_What to do_
Transcribe all of the data exactly. Omit the pictures.

_Supplied material_
┄┄┄┄┄┄┄┄┄┄

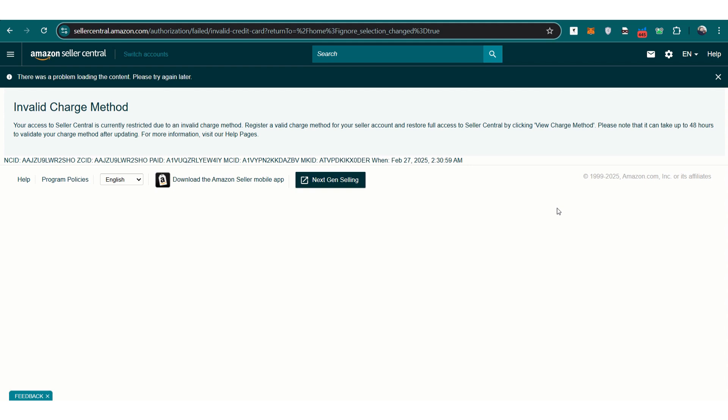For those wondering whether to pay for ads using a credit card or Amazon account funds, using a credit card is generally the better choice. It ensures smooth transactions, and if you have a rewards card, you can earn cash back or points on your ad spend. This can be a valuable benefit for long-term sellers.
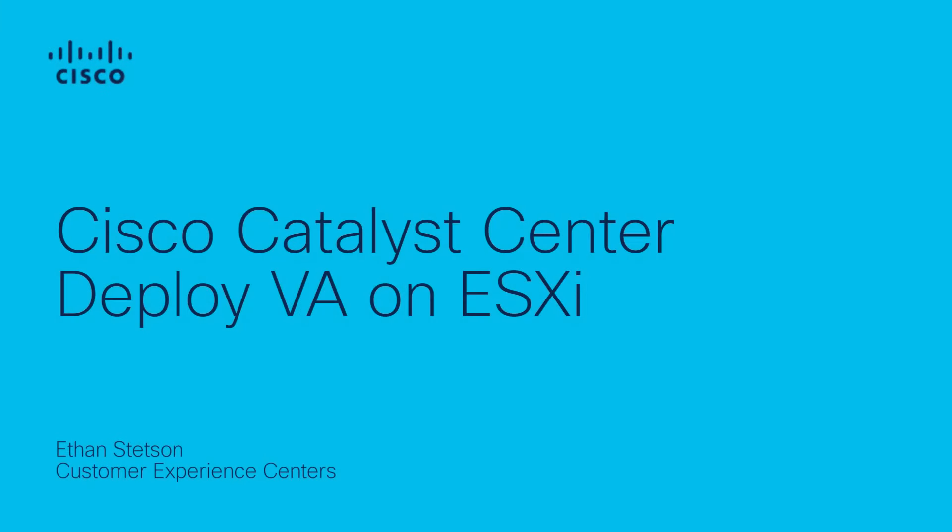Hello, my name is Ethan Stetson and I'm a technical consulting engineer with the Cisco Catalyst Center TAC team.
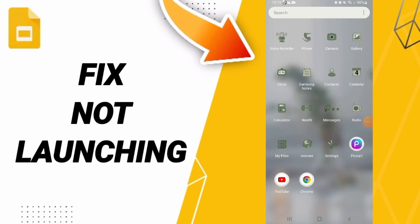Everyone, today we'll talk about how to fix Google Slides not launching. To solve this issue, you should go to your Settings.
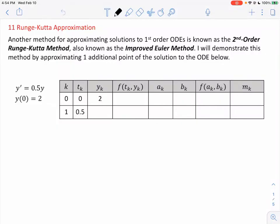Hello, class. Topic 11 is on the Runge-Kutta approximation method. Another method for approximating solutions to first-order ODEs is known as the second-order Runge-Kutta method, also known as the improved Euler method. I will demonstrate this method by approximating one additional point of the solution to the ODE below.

┄┄┄┄┄┄┄┄┄┄

_Answer below_
For those wondering whether to pay for ads using a credit card or Amazon account funds, using a credit card is generally the better choice. It ensures smooth transactions, and if you have a rewards card, you can earn cash back or points on your ad spend. This can be a valuable benefit for long-term sellers.
Hello, my name is Ethan Stetson and I'm a technical consulting engineer with the Cisco Catalyst Center TAC team.
Everyone, today we'll talk about how to fix Google Slides not launching. To solve this issue, you should go to your Settings.
Hello, class. Topic 11 is on the Runge-Kutta approximation method. Another method for approximating solutions to first-order ODEs is known as the second-order Runge-Kutta method, also known as the improved Euler method. I will demonstrate this method by approximating one additional point of the solution to the ODE below.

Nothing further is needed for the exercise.